■ What the task requires ■
Please return the lines below verbatim, beginning at the one that has "Бензинові газонокосарки Oleo-Mac" and stopping after the one that has "Maison de village", and add no other lines.

Web page caption snippets:
····················

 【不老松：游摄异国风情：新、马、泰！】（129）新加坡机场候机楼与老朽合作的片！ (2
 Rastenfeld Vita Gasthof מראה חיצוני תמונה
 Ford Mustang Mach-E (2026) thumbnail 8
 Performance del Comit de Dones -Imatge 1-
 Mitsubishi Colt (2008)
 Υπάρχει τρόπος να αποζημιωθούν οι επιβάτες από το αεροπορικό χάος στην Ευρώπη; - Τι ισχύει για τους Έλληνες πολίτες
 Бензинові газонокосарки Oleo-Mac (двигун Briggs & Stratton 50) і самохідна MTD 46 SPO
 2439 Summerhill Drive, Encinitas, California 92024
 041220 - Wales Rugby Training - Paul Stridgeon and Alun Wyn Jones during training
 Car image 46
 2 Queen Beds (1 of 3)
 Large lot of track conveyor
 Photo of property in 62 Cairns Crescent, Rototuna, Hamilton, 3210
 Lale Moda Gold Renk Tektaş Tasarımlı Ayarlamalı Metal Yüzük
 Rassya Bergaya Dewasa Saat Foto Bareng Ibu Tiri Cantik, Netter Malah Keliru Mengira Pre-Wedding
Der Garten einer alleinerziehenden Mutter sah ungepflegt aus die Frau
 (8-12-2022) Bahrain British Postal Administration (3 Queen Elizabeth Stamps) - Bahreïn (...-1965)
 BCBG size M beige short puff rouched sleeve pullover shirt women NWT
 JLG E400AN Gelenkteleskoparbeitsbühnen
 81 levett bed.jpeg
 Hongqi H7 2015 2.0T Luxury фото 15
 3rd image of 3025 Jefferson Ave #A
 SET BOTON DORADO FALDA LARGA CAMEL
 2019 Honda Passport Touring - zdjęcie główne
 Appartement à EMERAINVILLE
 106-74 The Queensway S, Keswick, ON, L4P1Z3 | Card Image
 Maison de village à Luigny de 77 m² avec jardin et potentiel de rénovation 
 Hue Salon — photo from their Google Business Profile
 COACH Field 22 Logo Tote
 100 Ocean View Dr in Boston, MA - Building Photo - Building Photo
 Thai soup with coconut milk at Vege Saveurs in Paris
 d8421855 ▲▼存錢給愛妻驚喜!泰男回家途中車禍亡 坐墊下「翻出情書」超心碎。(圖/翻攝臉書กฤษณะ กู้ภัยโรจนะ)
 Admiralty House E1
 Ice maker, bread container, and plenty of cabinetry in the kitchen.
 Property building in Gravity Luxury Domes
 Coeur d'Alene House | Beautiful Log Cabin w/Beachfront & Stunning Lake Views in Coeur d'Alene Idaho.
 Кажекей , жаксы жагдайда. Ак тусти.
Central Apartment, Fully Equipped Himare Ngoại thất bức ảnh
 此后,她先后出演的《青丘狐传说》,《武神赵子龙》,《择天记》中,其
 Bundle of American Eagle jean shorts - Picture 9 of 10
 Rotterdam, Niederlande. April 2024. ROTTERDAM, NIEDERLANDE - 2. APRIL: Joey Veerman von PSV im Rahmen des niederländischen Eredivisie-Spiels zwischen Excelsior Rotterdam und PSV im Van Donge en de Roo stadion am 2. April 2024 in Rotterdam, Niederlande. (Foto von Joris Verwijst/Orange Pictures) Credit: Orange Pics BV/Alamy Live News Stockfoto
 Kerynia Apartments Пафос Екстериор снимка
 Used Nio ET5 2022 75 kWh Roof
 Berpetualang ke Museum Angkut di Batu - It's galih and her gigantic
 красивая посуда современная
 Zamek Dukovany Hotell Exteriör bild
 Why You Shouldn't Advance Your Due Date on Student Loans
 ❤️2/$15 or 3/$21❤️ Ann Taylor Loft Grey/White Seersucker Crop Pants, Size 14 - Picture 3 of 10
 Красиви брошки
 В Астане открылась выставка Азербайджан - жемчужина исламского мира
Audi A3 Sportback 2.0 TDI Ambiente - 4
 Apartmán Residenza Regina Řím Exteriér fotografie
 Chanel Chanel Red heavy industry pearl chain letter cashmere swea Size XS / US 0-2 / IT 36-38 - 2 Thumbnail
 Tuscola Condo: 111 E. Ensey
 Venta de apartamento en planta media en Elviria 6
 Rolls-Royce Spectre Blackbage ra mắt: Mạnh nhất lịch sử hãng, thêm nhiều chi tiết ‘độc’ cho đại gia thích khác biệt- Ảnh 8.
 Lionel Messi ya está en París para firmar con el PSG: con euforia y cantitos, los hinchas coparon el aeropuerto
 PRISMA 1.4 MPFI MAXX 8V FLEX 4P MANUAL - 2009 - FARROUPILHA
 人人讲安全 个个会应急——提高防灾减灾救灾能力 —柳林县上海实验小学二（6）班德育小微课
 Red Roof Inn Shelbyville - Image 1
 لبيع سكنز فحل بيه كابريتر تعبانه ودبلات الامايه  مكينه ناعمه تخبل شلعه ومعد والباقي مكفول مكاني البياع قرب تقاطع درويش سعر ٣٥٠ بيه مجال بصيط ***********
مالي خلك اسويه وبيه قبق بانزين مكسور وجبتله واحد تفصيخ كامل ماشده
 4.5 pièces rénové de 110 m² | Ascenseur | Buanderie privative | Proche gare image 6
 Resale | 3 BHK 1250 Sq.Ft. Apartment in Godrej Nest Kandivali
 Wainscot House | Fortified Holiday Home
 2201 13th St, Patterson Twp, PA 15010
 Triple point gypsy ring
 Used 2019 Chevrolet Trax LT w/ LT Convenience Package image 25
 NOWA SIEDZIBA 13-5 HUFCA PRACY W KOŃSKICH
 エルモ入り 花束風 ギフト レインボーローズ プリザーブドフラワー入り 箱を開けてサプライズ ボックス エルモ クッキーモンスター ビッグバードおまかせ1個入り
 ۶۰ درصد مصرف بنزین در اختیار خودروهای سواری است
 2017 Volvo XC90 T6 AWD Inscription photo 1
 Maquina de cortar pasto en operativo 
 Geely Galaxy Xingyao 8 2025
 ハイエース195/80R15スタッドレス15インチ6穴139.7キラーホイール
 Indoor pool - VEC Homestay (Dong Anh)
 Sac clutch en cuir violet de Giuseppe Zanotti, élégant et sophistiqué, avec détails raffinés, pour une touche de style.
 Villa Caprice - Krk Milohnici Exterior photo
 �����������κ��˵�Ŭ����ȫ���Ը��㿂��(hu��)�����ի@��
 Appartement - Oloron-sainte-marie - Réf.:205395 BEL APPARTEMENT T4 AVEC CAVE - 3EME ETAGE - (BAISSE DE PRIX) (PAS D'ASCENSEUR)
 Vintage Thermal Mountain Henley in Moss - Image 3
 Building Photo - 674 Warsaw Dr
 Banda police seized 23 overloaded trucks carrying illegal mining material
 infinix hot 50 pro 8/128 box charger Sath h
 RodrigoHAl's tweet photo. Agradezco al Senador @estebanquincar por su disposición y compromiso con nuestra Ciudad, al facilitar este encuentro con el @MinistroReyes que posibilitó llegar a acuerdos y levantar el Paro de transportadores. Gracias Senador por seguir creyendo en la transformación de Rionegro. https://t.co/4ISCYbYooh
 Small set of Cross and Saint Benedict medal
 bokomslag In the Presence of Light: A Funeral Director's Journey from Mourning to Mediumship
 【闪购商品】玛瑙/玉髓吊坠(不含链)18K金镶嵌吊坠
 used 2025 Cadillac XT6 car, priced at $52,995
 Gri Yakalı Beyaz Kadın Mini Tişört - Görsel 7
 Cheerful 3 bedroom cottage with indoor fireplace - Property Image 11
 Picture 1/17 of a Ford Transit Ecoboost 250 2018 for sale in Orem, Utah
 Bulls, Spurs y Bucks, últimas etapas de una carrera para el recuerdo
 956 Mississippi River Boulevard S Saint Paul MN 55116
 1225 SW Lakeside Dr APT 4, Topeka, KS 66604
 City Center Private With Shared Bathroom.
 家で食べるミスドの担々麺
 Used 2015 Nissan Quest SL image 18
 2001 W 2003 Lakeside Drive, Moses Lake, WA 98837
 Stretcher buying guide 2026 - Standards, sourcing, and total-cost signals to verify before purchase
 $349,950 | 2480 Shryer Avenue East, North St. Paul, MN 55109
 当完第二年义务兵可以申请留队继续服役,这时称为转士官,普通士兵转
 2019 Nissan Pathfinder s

····················

■ Answer space ■
 Бензинові газонокосарки Oleo-Mac (двигун Briggs & Stratton 50) і самохідна MTD 46 SPO
 2439 Summerhill Drive, Encinitas, California 92024
 041220 - Wales Rugby Training - Paul Stridgeon and Alun Wyn Jones during training
 Car image 46
 2 Queen Beds (1 of 3)
 Large lot of track conveyor
 Photo of property in 62 Cairns Crescent, Rototuna, Hamilton, 3210
 Lale Moda Gold Renk Tektaş Tasarımlı Ayarlamalı Metal Yüzük
 Rassya Bergaya Dewasa Saat Foto Bareng Ibu Tiri Cantik, Netter Malah Keliru Mengira Pre-Wedding
Der Garten einer alleinerziehenden Mutter sah ungepflegt aus die Frau
 (8-12-2022) Bahrain British Postal Administration (3 Queen Elizabeth Stamps) - Bahreïn (...-1965)
 BCBG size M beige short puff rouched sleeve pullover shirt women NWT
 JLG E400AN Gelenkteleskoparbeitsbühnen
 81 levett bed.jpeg
 Hongqi H7 2015 2.0T Luxury фото 15
 3rd image of 3025 Jefferson Ave #A
 SET BOTON DORADO FALDA LARGA CAMEL
 2019 Honda Passport Touring - zdjęcie główne
 Appartement à EMERAINVILLE
 106-74 The Queensway S, Keswick, ON, L4P1Z3 | Card Image
 Maison de village à Luigny de 77 m² avec jardin et potentiel de rénovation 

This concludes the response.